TASK PROMPT:
What are the lines from the one containing "Physiotherapeut von PhysioSport" through the last line of the records below? Return them exactly, leaving out pictures.

(Short web captions)
========================
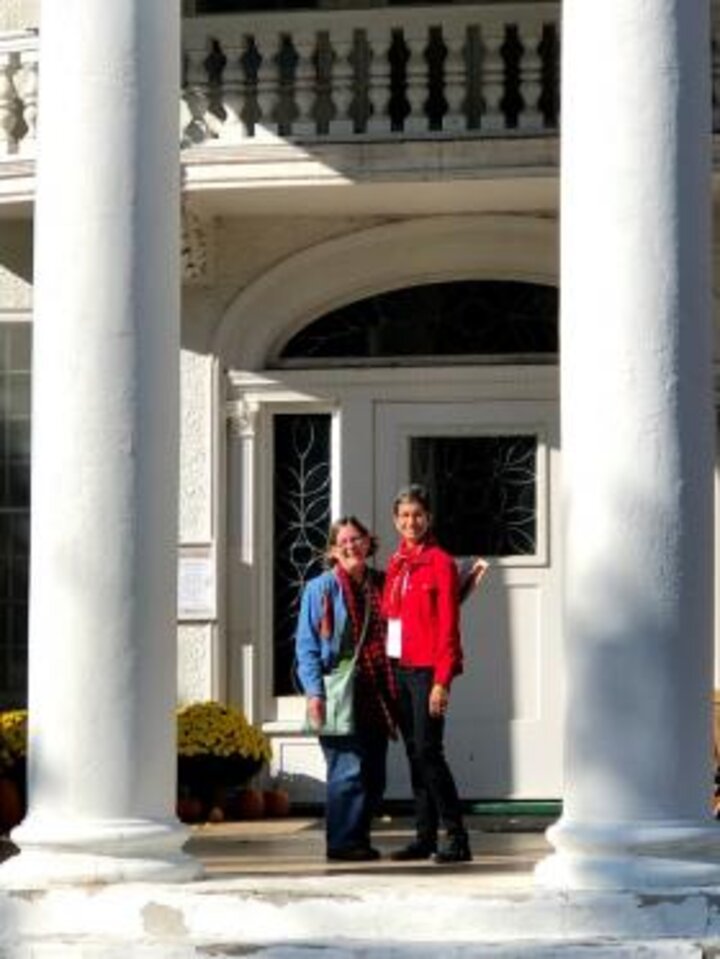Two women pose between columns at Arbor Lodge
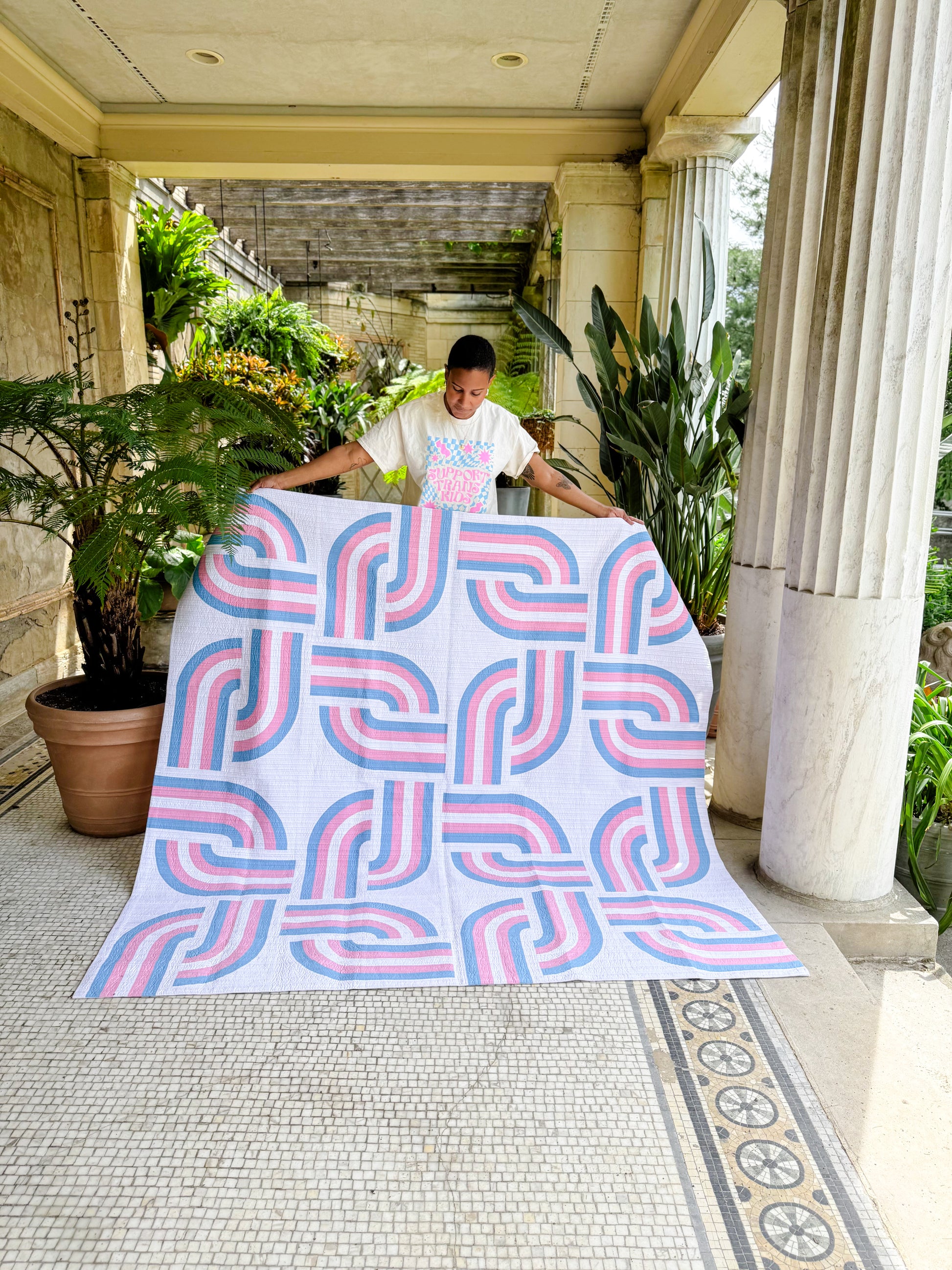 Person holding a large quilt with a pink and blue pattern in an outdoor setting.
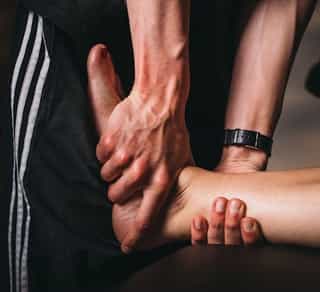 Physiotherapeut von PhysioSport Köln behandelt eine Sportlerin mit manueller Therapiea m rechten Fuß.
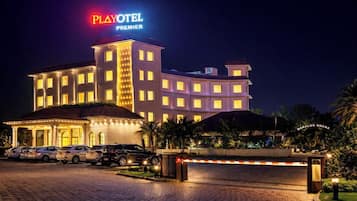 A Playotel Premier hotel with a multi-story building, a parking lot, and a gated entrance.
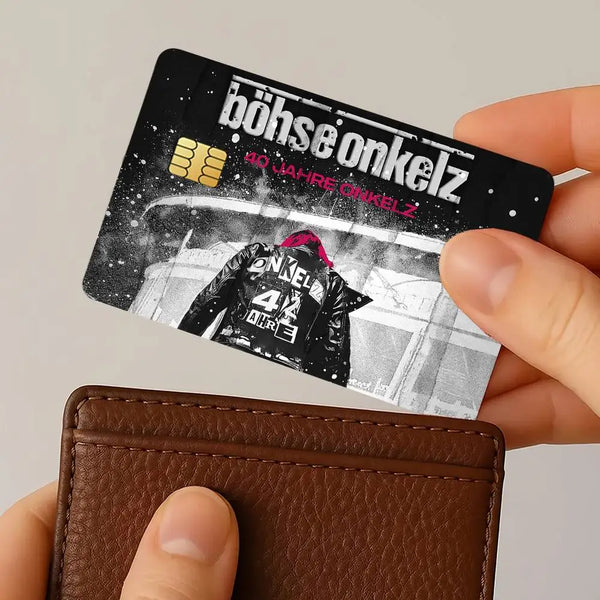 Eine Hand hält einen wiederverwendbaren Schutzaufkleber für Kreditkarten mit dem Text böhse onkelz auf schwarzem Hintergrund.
========================
PROBLEM SOLUTION:
 Physiotherapeut von PhysioSport Köln behandelt eine Sportlerin mit manueller Therapiea m rechten Fuß.
 A Playotel Premier hotel with a multi-story building, a parking lot, and a gated entrance.
 Eine Hand hält einen wiederverwendbaren Schutzaufkleber für Kreditkarten mit dem Text böhse onkelz auf schwarzem Hintergrund.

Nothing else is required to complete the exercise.